= John Kenworthy =

John Kenworthy B.Sc., F.R.Aes (1883–1940) was an English aviation engineer and aircraft designer.

John Kenworthy appears in the 1901 Census of Darlington, aged 17, living with four sisters, one brother and his parents George and Ellen Kenworthy at 65 Greenbank Road, Darlington, County Durham. His father was listed as a Schoolmaster.

In his early years he was a design assistant at the Royal Aircraft Factory formed out of the HM Balloon factory in 1911 at Farnborough, Hampshire. His first design in 1912 was the B.E.3 (Blériot Experimental), also known as the Goldfish because of its horizontal tail fin. He also designed the H.R.E.2 (Hydro Reconnaissance Experimental), a floatplane version of the earlier B.E.2 designed by Geoffrey de Havilland. Following closely in 1912 was the (B.E.4, B.E.7 and in 1913 the B.E.8) After the outbreak of the First World War in 1914, the Royal Flying Corps (RFC) needed fighter and reconnaissance aircraft from the Royal Aircraft Factory and Kenworthy as Chief designer produced the F.E.8 (Fighter Experimental) from 1916, and the R.E.8 (Reconnaissance Experimental), used from 1917. In 1916 he was part of the project team as chief draughtsman who designed the 150 hp S.E.5 (Scout Experimental), and its follow up, the S.E.5a which arrived several months later with the same basic designs, but a more powerful 200 hp engine.
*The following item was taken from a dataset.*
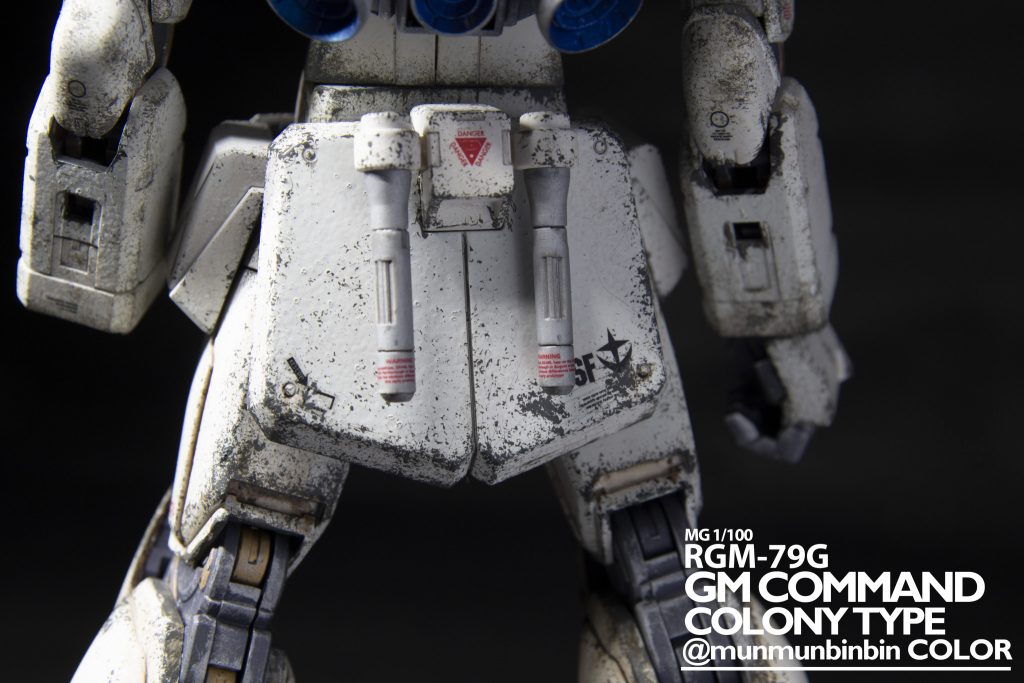 　デカールは、「正直EFFS貼りすぎかな～」って思ったんですけど、破壊した機体の腕とか足だけでも残ってれば、所属と搭乗者名を書いたEFFSで戦死者が分かるようになってるって脳内補完していっぱい貼りました。断じてデカール貼ってたら楽しくなったわけでも、スジボリしてないから情報量少なくて苦渋の決断したわけでもないんだからね！ホントなんだから！あとチッピングは正直失敗した。特に足。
In 1917 he left the Royal Aircraft Factory and joined the aircraft division of Austin Motors as chief engineer and designer in 1918. He specialised in small light aircraft, designing the prototypes of the Austin Greyhound, the Austin Whippet and the Austin Kestrel, but were not developed further by Austin Motors. In 1922 he joined Westland Aircraft Works and was chief designer at the Aircraft Disposal Co. (ADC Aircraft) in 1923. By 1930 he had designed the Robinson Redwing, which was built at the Robinson Aircraft Company in Croydon and was designed for flying clubs and private use. In 1931, the Aircraft Company was reconstituted and became the Redwing Aircraft Co Ltd. In 1932, as designer and founder of the company, he was appointed to the Board and the Aircraft Company moved their fleet of twelve aircraft to Gatwick Airport. The aerodrome was also purchased and used as the new flying base. In 1934 the Redwing Aircraft Co., moved back to Croydon aerodrome.